What the task asks: Transcribe, without alteration, only the lines from the one containing "我在水裡極力勸阻他下水" through the last line of the material, both ends included.

Dataset content:
BEGIN

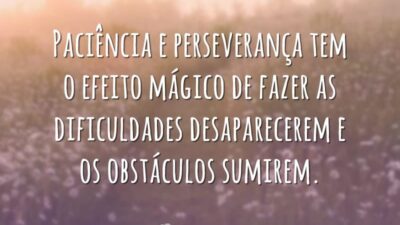 Paciência e perseverança tem o efeito mágico de fazer as dificuldades desaparecerem e os obstáculos sumirem.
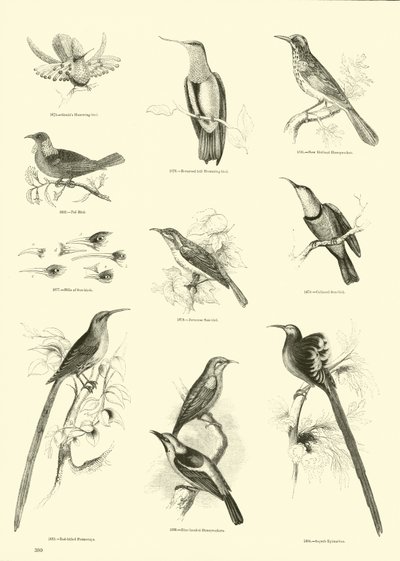 Page from The Pictorial Museum of Animated Nature by English School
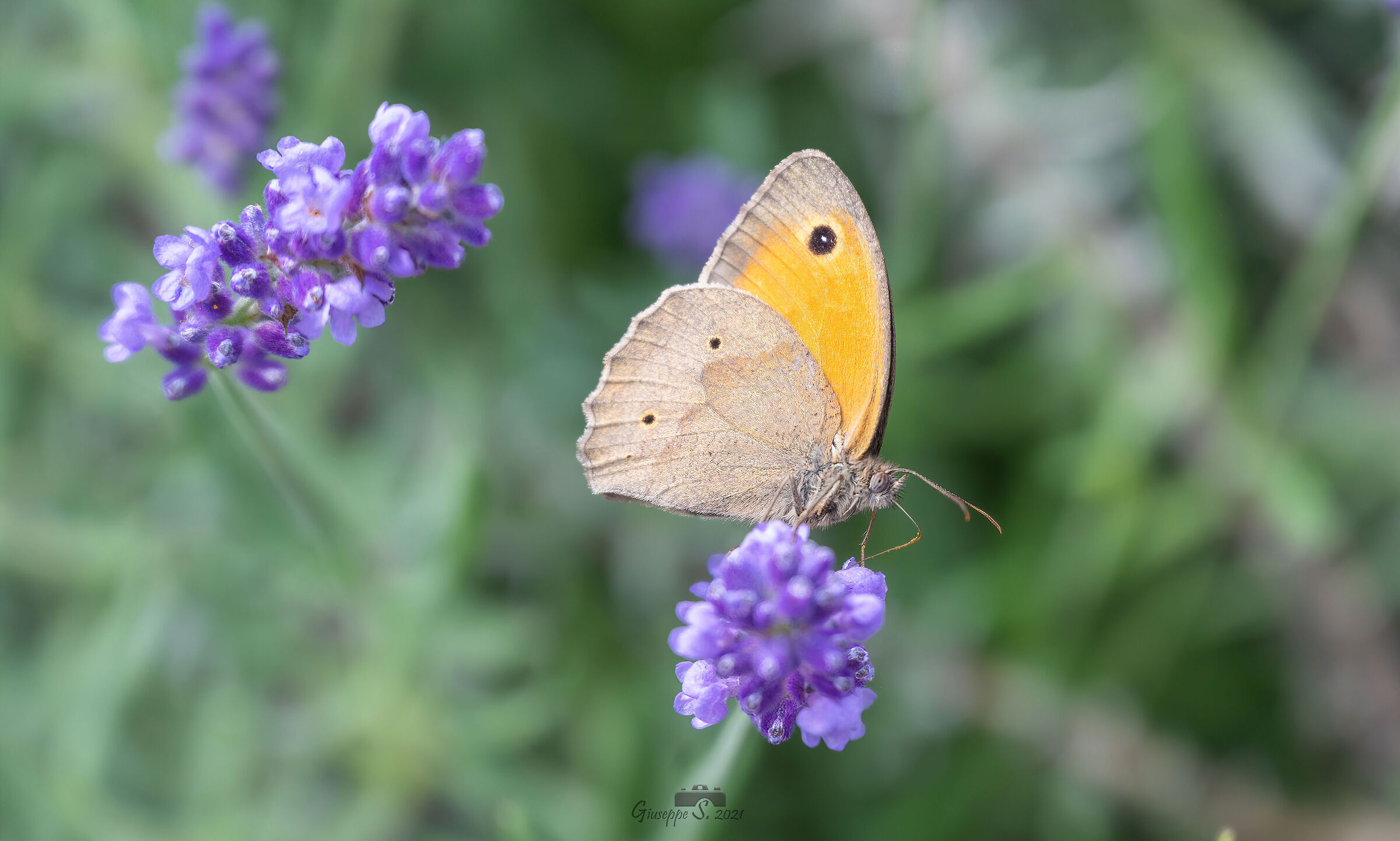 Nel giardino di casa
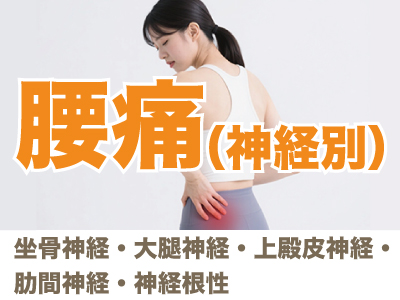 腰痛（神経別）
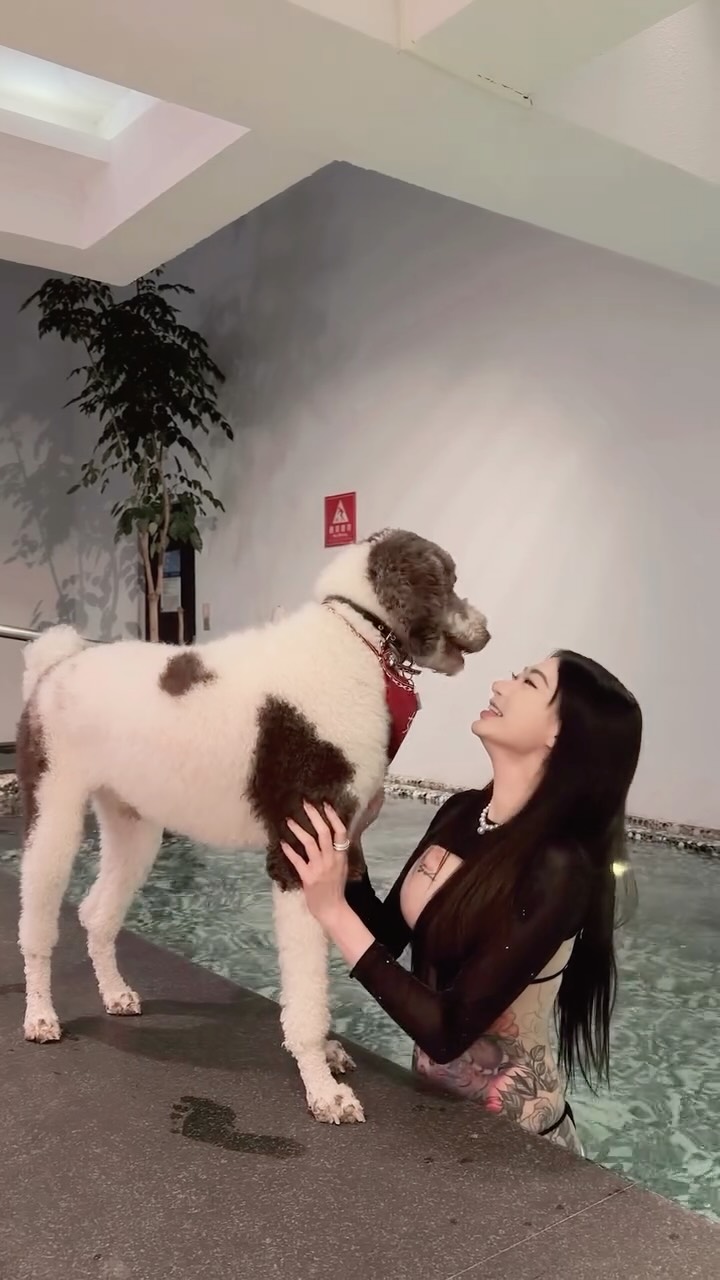 發一下去年帶咕董去台中旅館的泳池
他還想要跳下水🤣
我在水裡極力勸阻他下水
因為那時候還是冬天❄️怕他感冒
但是這段影片我真的超喜歡🥰
謝謝你一直陪在我身邊💗💗💗💗💗 縮圖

END

Response area:
我在水裡極力勸阻他下水
因為那時候還是冬天❄️怕他感冒
但是這段影片我真的超喜歡🥰
謝謝你一直陪在我身邊💗💗💗💗💗 縮圖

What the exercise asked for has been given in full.